# [About this task]
Print everything in the records exactly. Leave the pictures out.

# [Recorded information]
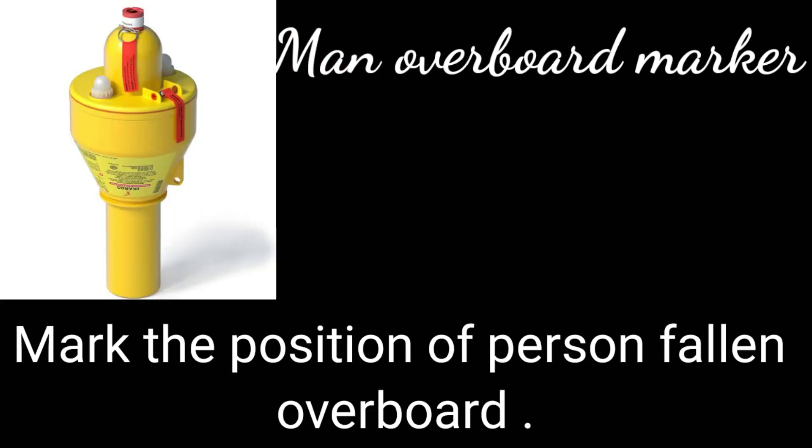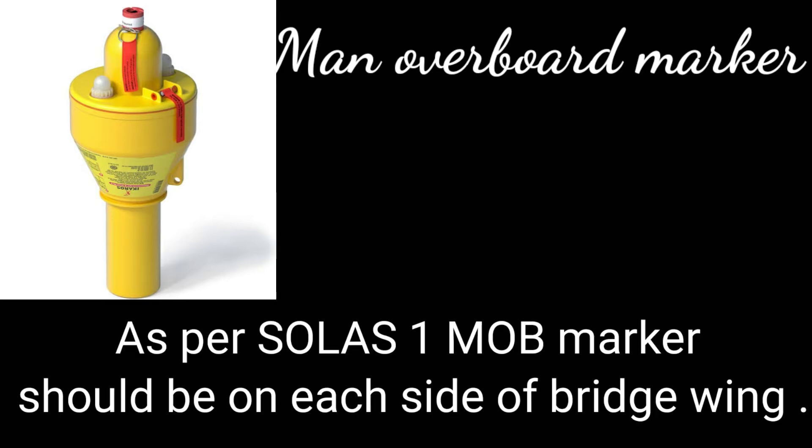The main purpose of the MOB marker is to mark the position of the person fallen overboard and help to rescue that person. It is fitted on the outboard side of the bridge wing and should be attached with a lifebuoy.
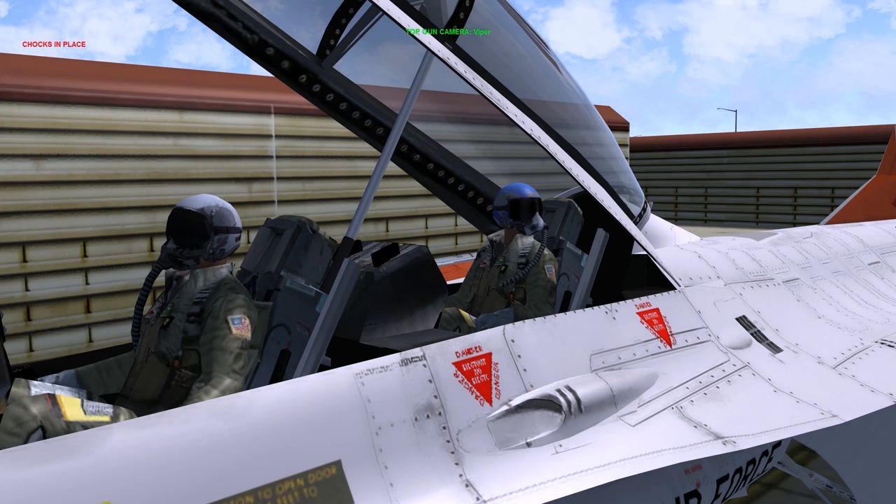Hello YouTube, it's Supernova back with more Falcon 4 BMS. Today we're looking at the ramp start procedure, ground operations and takeoff.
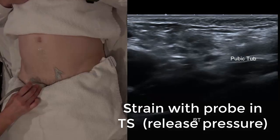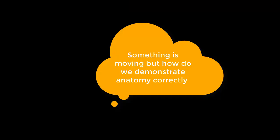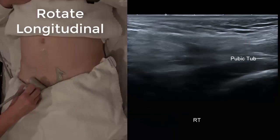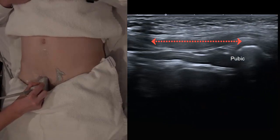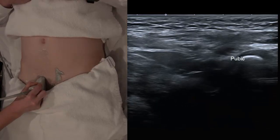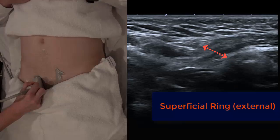We can ask the patient to strain, but remember you need to take the pressure off the probe to allow the hernia out. You can see something's moving but at this point we still don't know if it's direct or indirect. Running down in longitudinal on the rectus abdominis or the pyramidalis muscle, we follow the peritoneum and pyramidalis and arrive at the pubic tubercle. Move slightly laterally and identify veins in the spermatic cord — this is the superficial ring. Now rotate the top of the probe slightly obliquely to point towards the ASIS, aligning with the inguinal ligament.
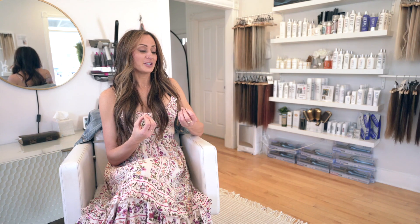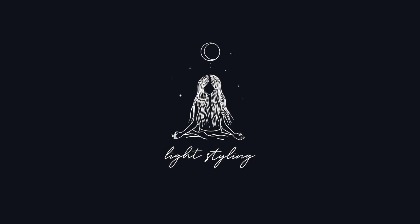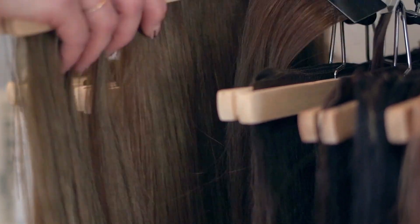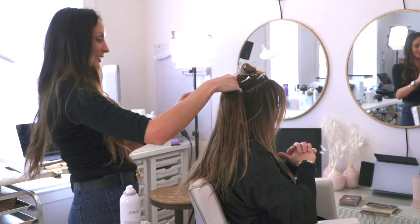The difference between Natural Beaded Rows and other methods that I've been trained in is the creative freedom it allows me as the artist during my hair extension services. With Natural Beaded Rows, instead of using little pieces of hair, we use sheets of hair that we can lay one on top of the other using different colors, so we can create a much more natural look and really customize it to what the client's hair looks like.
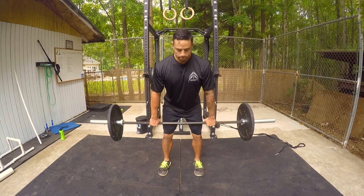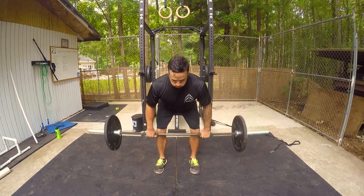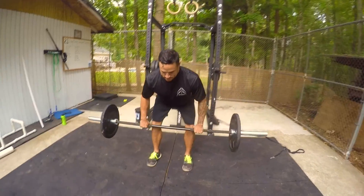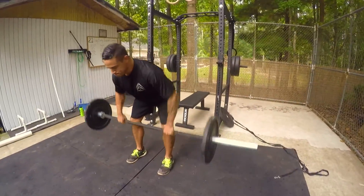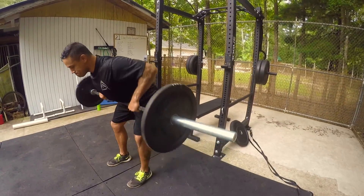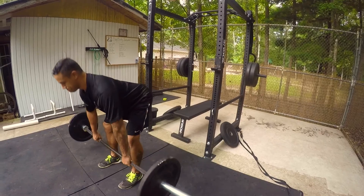Make sure your back is nice and flat, and you want to pull that bar right under your sternum. Make sure that you keep a flat back and do not round your back — that way you don't end up hurting your lower back. Nice and smooth on the ribs.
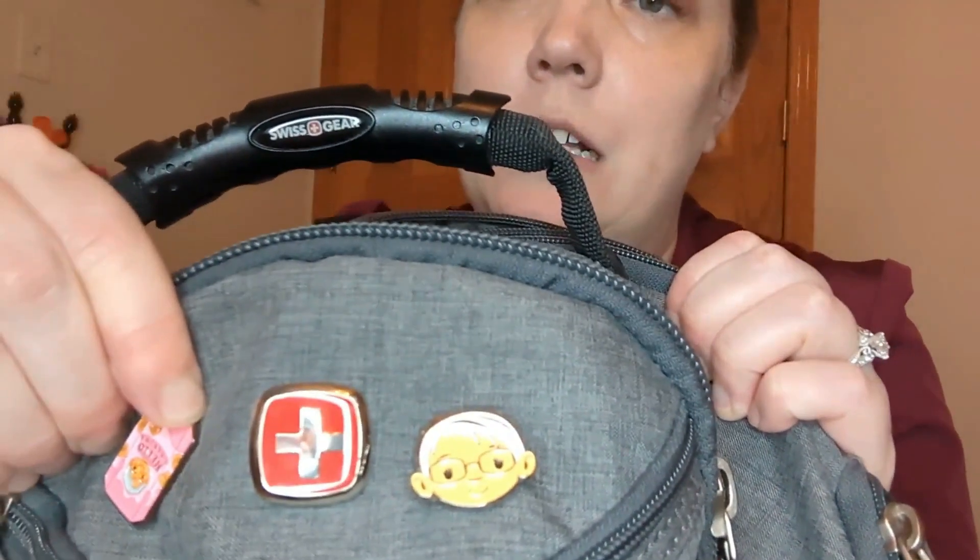What's in my backpack as an occupational therapist working in home care. First of all, we have our grandma pin — and if you know, you know. I think she's passed, which is very sad, but I'm glad I get to take her with me.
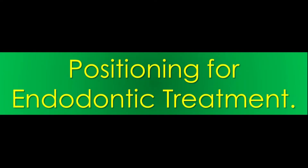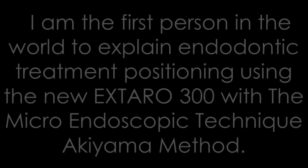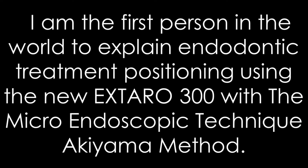Positioning for endodontic treatment. I am the first person in the world to explain endodontic treatment positioning using the new Extra 300 with the micro-endoscopic technique Akiyama method.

# [Response below]
The main purpose of the MOB marker is to mark the position of the person fallen overboard and help to rescue that person. It is fitted on the outboard side of the bridge wing and should be attached with a lifebuoy.
Hello YouTube, it's Supernova back with more Falcon 4 BMS. Today we're looking at the ramp start procedure, ground operations and takeoff.
We can ask the patient to strain, but remember you need to take the pressure off the probe to allow the hernia out. You can see something's moving but at this point we still don't know if it's direct or indirect. Running down in longitudinal on the rectus abdominis or the pyramidalis muscle, we follow the peritoneum and pyramidalis and arrive at the pubic tubercle. Move slightly laterally and identify veins in the spermatic cord — this is the superficial ring. Now rotate the top of the probe slightly obliquely to point towards the ASIS, aligning with the inguinal ligament.
The difference between Natural Beaded Rows and other methods that I've been trained in is the creative freedom it allows me as the artist during my hair extension services. With Natural Beaded Rows, instead of using little pieces of hair, we use sheets of hair that we can lay one on top of the other using different colors, so we can create a much more natural look and really customize it to what the client's hair looks like.
Make sure your back is nice and flat, and you want to pull that bar right under your sternum. Make sure that you keep a flat back and do not round your back — that way you don't end up hurting your lower back. Nice and smooth on the ribs.
What's in my backpack as an occupational therapist working in home care. First of all, we have our grandma pin — and if you know, you know. I think she's passed, which is very sad, but I'm glad I get to take her with me.
Positioning for endodontic treatment. I am the first person in the world to explain endodontic treatment positioning using the new Extra 300 with the micro-endoscopic technique Akiyama method.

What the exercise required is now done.